There are a lot of folks saying they didn’t have any knowledge of it — which makes that Saturday release of it all the more intriguing in my mind…thanks for the heads up on the WaPo bit, I missed that this morning with all the doggie running around I’ve been doing. Much appreciated.
not good enough, the memos must be dismissed as worthless, this can only be done through a disbarrrment
It’s amazing how much blood can ooze out from the quick, toe nail…!
Definitely two birds…! ;-)
It was really frightening — I got it staunched as quickly as a could, but The Peanut had already run for her “doctor kit” to make PJ better. You should have seen me trying to juggle bleeding, freaked out dachshund and five-year-old doctor-wanna-be and not get even more blood everywhere in the process. It’s funny now, but at the time it was like something in a Marx Brothers movie…
Heh, that refutes Yoo’s tale to Esquire:
Esquire: Ashcroft saw it?
Yoo: He approved it. And so the idea that it’s slapdash, or it was haphazard– I don’t think was true.
Excellent Christy.
The release of the ‘Yoo Memo’ has merely confirmed what many have long suspected. And, we may be assured, many more such ‘confirmations’ await us.
‘Justice’ on the other foot, will however, in all likelihood, elude us.
America is and has been under the most serious and, so far, successful internal assault in its history. There are some who know this, a fair portion of those who know also understand the implications inherent in this situation. Leaving those implications aside, what is the most likely reaction experienced by the vast majority of those who do understand?
It is a feeling of powerlessness, of being helpless to effect meaningful ‘understanding’ or even recognition among fellow citizens, and more especially, a sense of profound inability to affect the awareness of thse who shoould know ‘better’, the ‘Representatives’of the people, and others, both civilian and military ‘leaders’.
Perversely, if not unexpectedly, ‘language’ the tongue itself, is so twisted and given to such convolution that ‘horror’ is rendered, into sanitized, sterile, non-informative, misleading, and pompous platitude.

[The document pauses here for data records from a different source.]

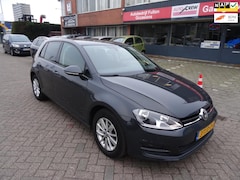 Volkswagen Golf - 1.2 TSI Comfortline/Navi/LMV/Airco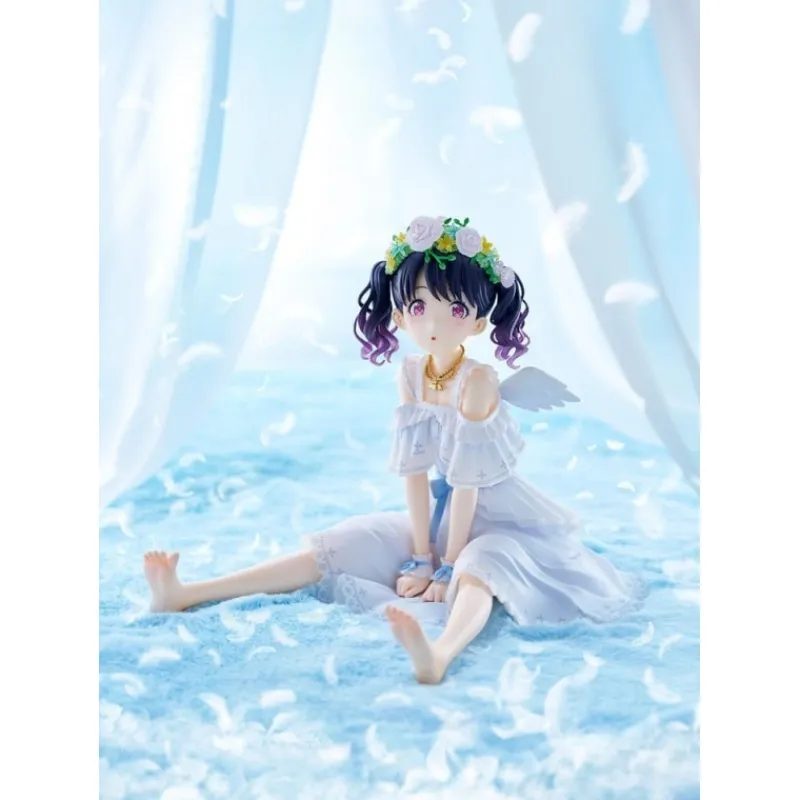 Online Estatua PVC 1/7 The Idolmaster Shiny Colors Koito Fukumaru 12 cm Figuras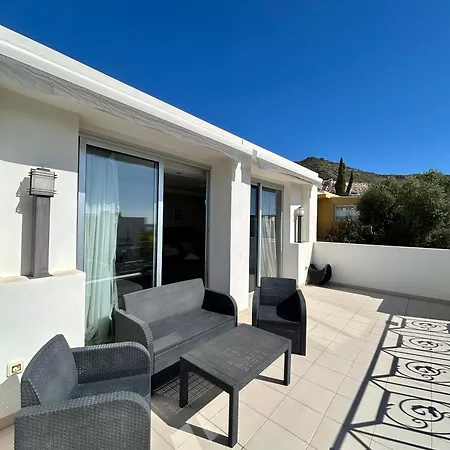 Luxury In K301 Willa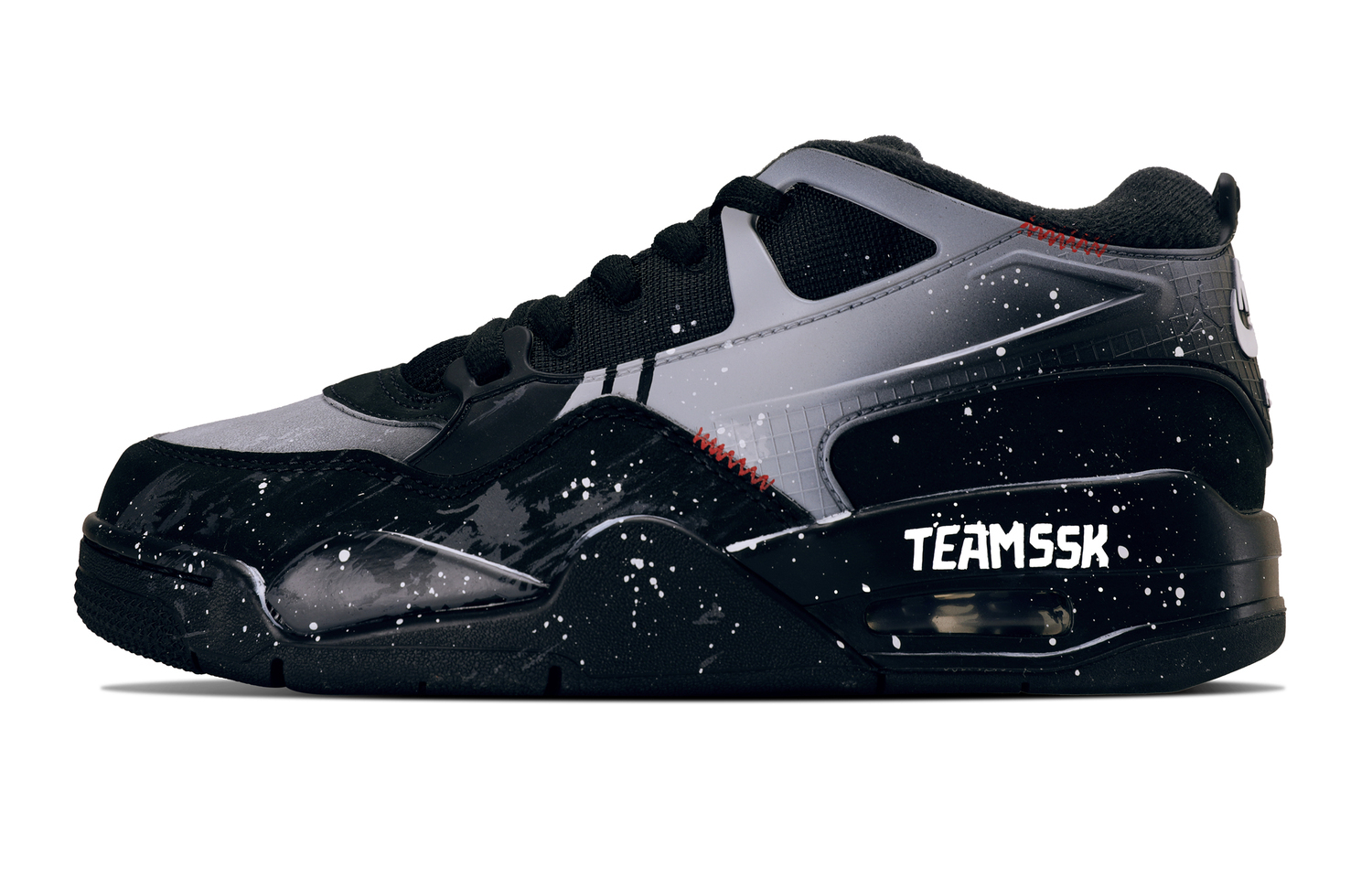 Jordan Air 4 Abrasion Resistant Low top Vintage Basketball Shoes мужские черно-белый градиент
Jordan Air 4 Abrasion Resistant Low top Vintage Basketball Shoes мужские черно-белый градиент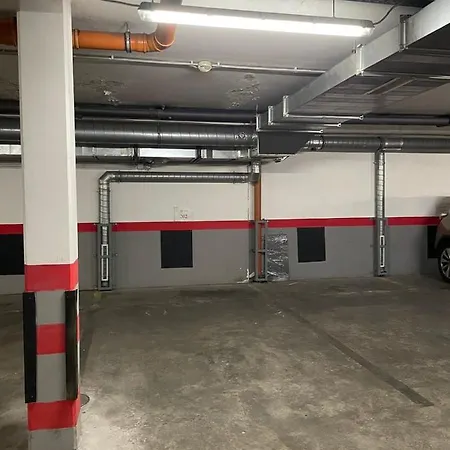 Best Downtown Apartman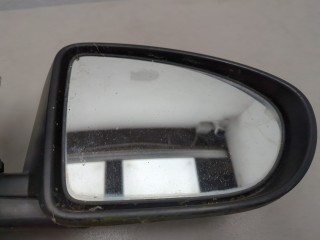 Зеркало боковое правое, ориг. номер 96373JD000, 96301JD12A, Nissan Qashqai 2006-2010
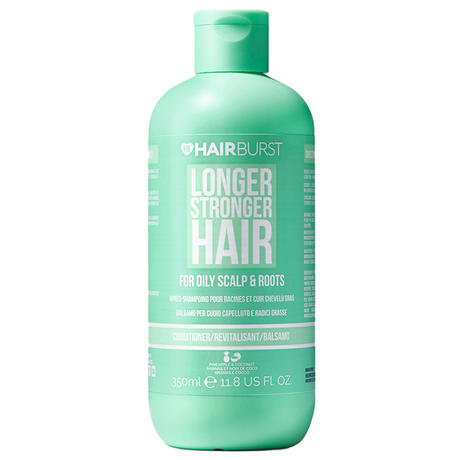 Hairburst Conditioner for Oily Scalp and Roots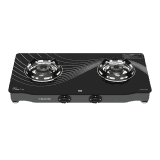 Butterfly Renz Glass Cooktop Gas Stove | 2B |  3 Star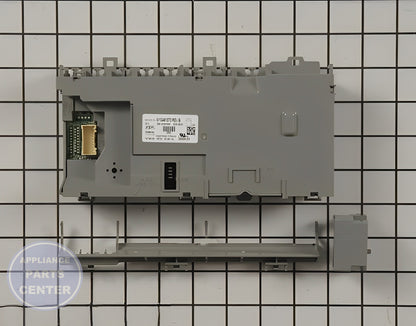 Whirlpool Control Board W10473200 - Main view showing durable construction for W10352586 models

At the same time. huge numbers of war-dead and injured become merely the boring dross of balance sheets …
Mostly, we are just left with questions, not answers, and a loud and noisy crowd (the usual suspects) is yelling that the questions are ’stupid’!
Ignorance is no excuse, but it is humankind’s favorite.
You and I, though, knowing, cannot make that claim, that particular bliss shall not be ours.
awwww
awwwwww
and awwwwwwwwwwwwww
A nice cup of tea awaits you….
Ahh, the joys of parenthood! Been there, Done that…! 8-)
But Christy - that’s the whole point, isn’t it? Make people afraid?
ayyep!
CIA in the field didn’t want to torture, so OLC delivers a memo to cover their asses, thereby taking away their excuse for objecting and making it an act of insubordination if they continue to object or refuse to employ the “harsh interrogation methods.”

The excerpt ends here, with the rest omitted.